Jump to content

Recommended Posts

Posted
Latem ub. roku został przegrzany. Koleś jeździł talerzówką z zatkaną chłodnicą. Następnego dnia jak mi go przyprowadził dolałem prawie 5 l płynu. Ale było już źle. Zrobiłem głowicę (na drugim wypalony zawór wydechowy (raczej już wcześniej był), pozostałe w normie) i sprawdziłem ciśnienie sprężania. Na trzecim było mniej ale jeszcze, powiedzmy, w normie. Był przedmuch z trzeciego cylindra na szpilkę. Po tygodniu przedmuch na szpilkę się odnowił. Bierze olej trochę i jest wyraźnie słabszy. Pompa i wtryski nowe i sprawdzone. Co ok. 50 godzin zaczyna "lać" wtrysk na trzecim cylindrze. Pozostałe są cały czas ok. Wydaje mi się że trzeba zmienić blok. Obawiam się, że tuleja zrobiła się lekko "jajowata". Chcę to porządnie zrobić zimą. Jak ktoś miał coś podobnego to proszę o sugestie i pomoc.
Posted
Takie są moje podejrzenia, bo na początku po tym przegrzaniu brał więcej oleju teraz jakby się uspokoił. Martwi mnie ten przedmuch na szpilkę którego nie mogę zlikwidować. Może wskazywać na skrzywienie bloku. Co o tym sądzicie?
Posted

fakt mogles go przytrzec ale warto tez sprawdzic pape wtryskowa bo tez sie zdaza ze to wina pompy ale jak mowisz ze jezdzil gosciu prawie bez wody czy plynu to moze byc maly raban napewno wiec sprawdzic tloki oraz tuleje najwyzej wymienic i sprawdzic przy okazji wal raczej nie powino mu sie nic stac ale sprawdzic mozna pozadny mechanik bedzie wiedzial co i jak

jak sie ktos nie zna to tez niech sie nie bierze za rematy bo wychodzi na to czesto ze ludziska wymieniaja to co trzeba albo robia to zle i koszty wzrastaja


fakt napisales ze pope wymieniles ale zdazaja sie przypadki pap po regeneracji ktore chodza gorzej jak poprzednie orginalne choc juz wyrobione

Posted
Sam za ten remont się nie wezmę bo do tego jestem "za mały". Szkoda oddawać mi go na wymianę bo wał prawie nowy i pompa na gwarancji a głowica po remoncie. Martwi mnie ta szpilka. Mechanik dokręcał i na sucho i na specjalną pastę i ciągle ten przedmuch. Powiedział, że najprawdopodobniej dostał "jaja" i wymiana szklanki nic nie da. Pompę jak radzisz dam do sprawdzenia bo z tym wtryskiwaczem na trzecim jakaś dziwna sprawa - po tygodniu "leje", pozostałe są bez zarzutu. Trzy lub cztery razy wymieniałem w ciągu roku. Może faktycznie pompa. Dam znać co wyjdzie z tą pompą. A co myślicie o tej szpilce pomiędzy drugim a trzecim cylindrem (głowica na pewno jest prosta - sprawdzona w dwu konkurencyjnych warsztatach)?
Posted

mogła płaszczyzna bloku dostać sztocha ;)

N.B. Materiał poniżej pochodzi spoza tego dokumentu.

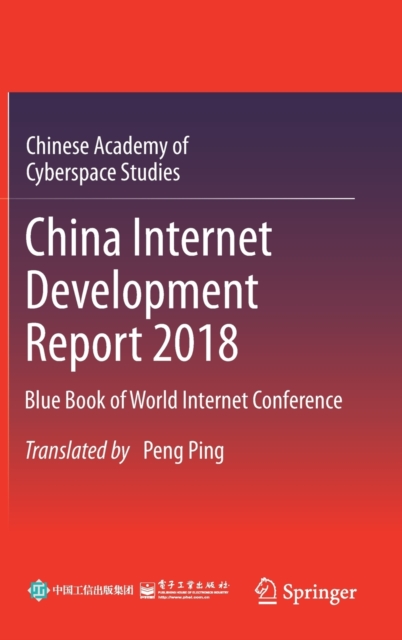 China Internet Development Report 2018 : Blue Book of World Internet Conference, Hardback Book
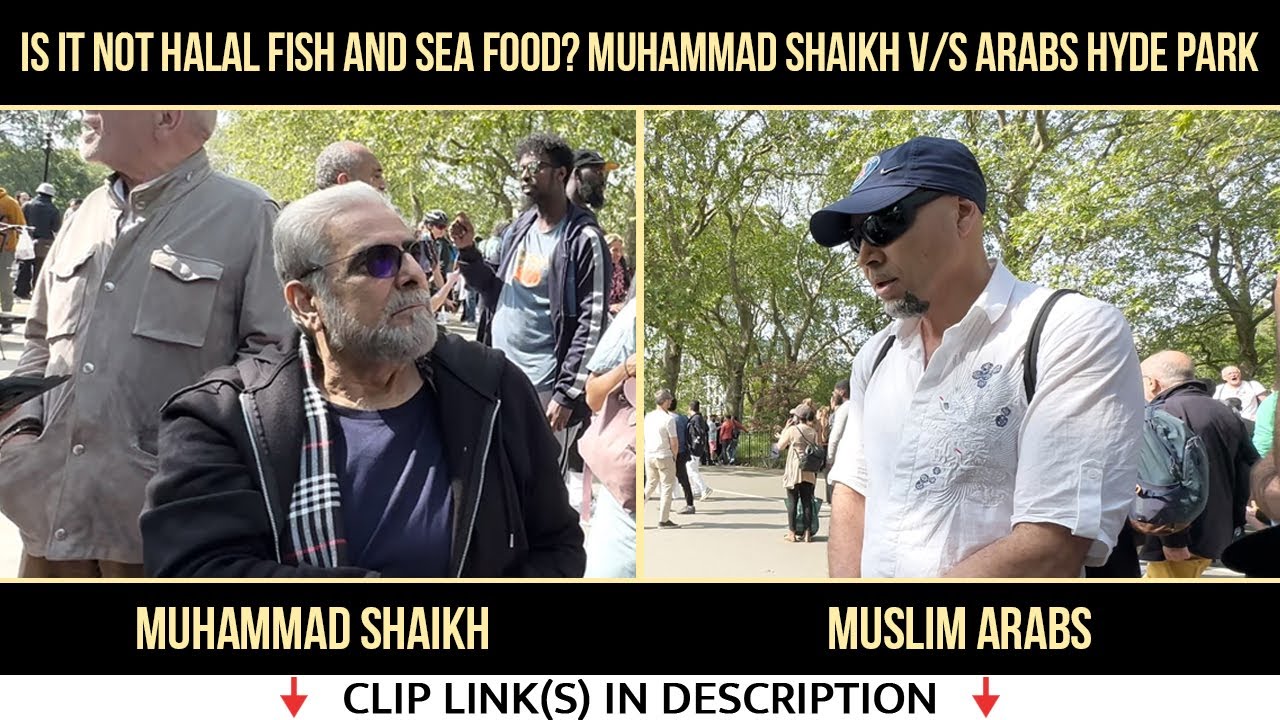 Is Fish/Cattle NOT Halal in UK 21/21? Muhammad Shaikh v/s Arabs Hyde Park Speakers Corner London UK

Także i tam by się pewnie płaskoszlif przydał ;)

Co do wymiany tulei to żeby żaden rzeźnik nie wbijał schonowanych tulei, kupuje się tuleje z niedomiarem (nie myslić nadwymiarowych), nabija i dopiero daje do honowania pod wymiar tłoka ;)

Posted
Dzięki serdeczne kolego Mikruss! A co byś radził kolego - stary blok robić czy kupić nowy (oczywiście polski, nie chiński) na stary na allegro? Mogę też w zaprzyjaźnionym sklepie wziąć po regeneracji a po przekładce stary oddać? Powiem Ci, że jestem na tą sytuację z silnikiem mocno wkurzony i zdesperowany.
Posted

daj najpierw do sprawdzenia swój blok czy nie jest walnięty ;)

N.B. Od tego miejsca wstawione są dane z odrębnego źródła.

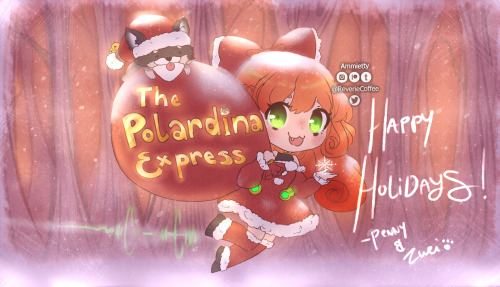 ammietty: Happy Holidays from the Polardina Express~! May your days be merry and bright! Based on th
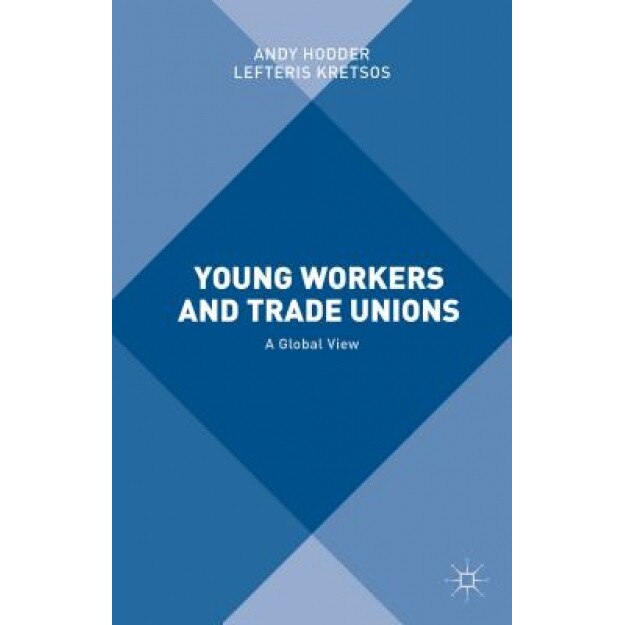 Young Workers and Trade Unions: A Global View, Andy Hodder (Editor)
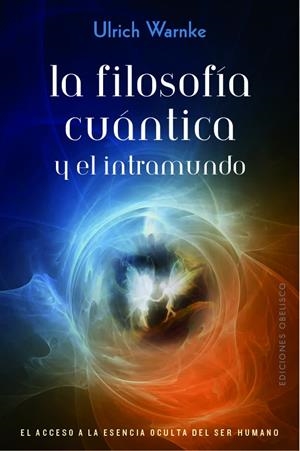 LA FILOSOGÍA CUÁNTICA Y EL INTRAMUNDO | 9788491114666 | WARNKE, ULRICH | Galatea Llibres | Llibreria online de Reus, Tarragona | Comprar llibres en català i castellà online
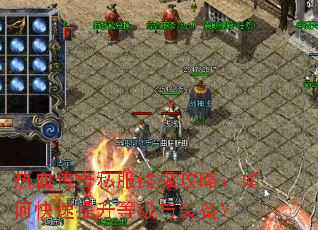 热血传奇私服终极攻略:如何快速提升等级与装备? 热血传奇私服终极攻略:如何快速提升等级与装备?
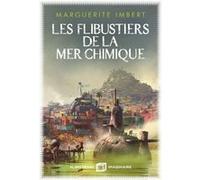 Les Flibustiers de la mer chimique - Grand prix de l'imaginaire Marguerite Imbert (Auteur)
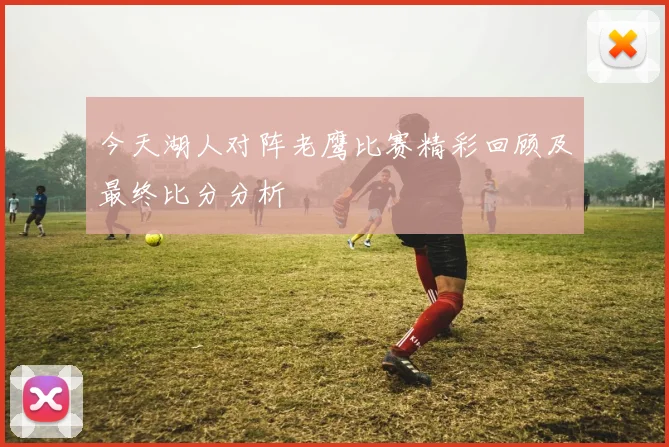 今天湖人对阵老鹰比赛精彩回顾及最终比分分析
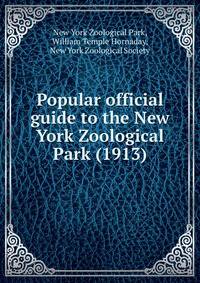 Popular official guide to the New York Zoological Park (1913)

U mnie w okolicy są ze 3 albo 4 naprawdę konkretne zakłady, gdzie by to sprawdzili, lub jakby zaszła potrzeba honowali itp itd ;)

Serio możesz mieć tak jak mój ojciec w c330 że blok pod głowicą jest już skrzywiony po iluś tam latach i jak jeszcze raz wywali uszczelkę to będzie trzeba blok wykręcać i planować tak jak się to robi z głowicą ;)

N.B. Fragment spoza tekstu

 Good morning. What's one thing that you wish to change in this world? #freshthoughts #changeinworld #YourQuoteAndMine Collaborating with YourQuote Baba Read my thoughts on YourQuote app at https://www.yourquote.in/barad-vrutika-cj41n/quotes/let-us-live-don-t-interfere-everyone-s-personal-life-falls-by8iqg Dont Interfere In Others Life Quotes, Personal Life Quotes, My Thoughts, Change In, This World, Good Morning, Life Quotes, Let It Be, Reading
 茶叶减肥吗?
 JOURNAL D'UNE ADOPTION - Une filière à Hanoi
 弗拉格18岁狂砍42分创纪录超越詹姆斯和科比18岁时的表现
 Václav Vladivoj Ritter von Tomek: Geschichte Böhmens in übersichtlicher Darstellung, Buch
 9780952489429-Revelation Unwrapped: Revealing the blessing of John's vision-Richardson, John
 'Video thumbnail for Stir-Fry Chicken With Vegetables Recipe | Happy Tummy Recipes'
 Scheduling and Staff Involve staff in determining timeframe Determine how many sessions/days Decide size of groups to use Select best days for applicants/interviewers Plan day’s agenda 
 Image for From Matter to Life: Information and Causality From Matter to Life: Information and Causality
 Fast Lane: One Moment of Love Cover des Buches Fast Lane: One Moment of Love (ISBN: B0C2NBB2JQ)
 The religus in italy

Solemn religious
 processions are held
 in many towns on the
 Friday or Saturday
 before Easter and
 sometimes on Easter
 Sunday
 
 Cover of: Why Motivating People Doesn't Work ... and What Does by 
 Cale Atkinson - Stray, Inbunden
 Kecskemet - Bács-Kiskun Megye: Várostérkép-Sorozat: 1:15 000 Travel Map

U ciebie wypala śrube pomiędzy głowicą a silnikiem??

Wywala w tym miejscu uszczelkę za każdym razem??

Posted

Zawsze wywala z trzeciego do szpilki tej pomiędzy drugim i trzecim. Wszystko, pompa, głowica, wtryski robione i sprawdzone, i to solidnie. Uszczelka jest na miejscu, zawsze porządna. Znam się trochę na silnikach ale tego "lania" na trzecim nie potrafię przyczyny wytłumaczyć. Raz mogłem kupić szajs nawet z górnej półki (dwa pozostałe działają bez problemu), przy pierwszej wymianie tej końcówki też się mogło zdarzyć, niech będzie że przy drugi przy wymianie trafił się szajs, ale nie jestem w stanie uwierzyć że przy piątej bo tyle razy wymieniałem tą końcówkę od czasu wymiany wszystkich. Żadna nie przekroczyła 50 godzin poprawnej pracy. Na krzywy blok, a dokładniej na "jajowatość" trzeciego cylindra wskazuje, że uspokoił się ze spalaniem oleju. Bierze trochę za dużo, ale tylko trochę. Tak jak by się "ułożył" na pierścieniach na jajo. Głowica jest zawsze dokręcona wg schematu dobrym kluczem dynamomertycznym, a następnego dnia sprawdzona i dopiero odpalony silnik. Przedmuch na odpowietrzniku też się zmniejszył i jest teraz w normie. Ta szpilka jest skrócona o 5 mm bo w żaden sposób nie szło oczyścić końcówki gniazda tej szpilki. Wykręca się ciężko i jest okopcona. Szpilki za pierwszym razem były wymienione wszystkie. Mechanik powiedział, że zdarza się, że po czymś takim nawet po honowaniu blok się krzywi po osiągnięciu temperatury 90 stopni.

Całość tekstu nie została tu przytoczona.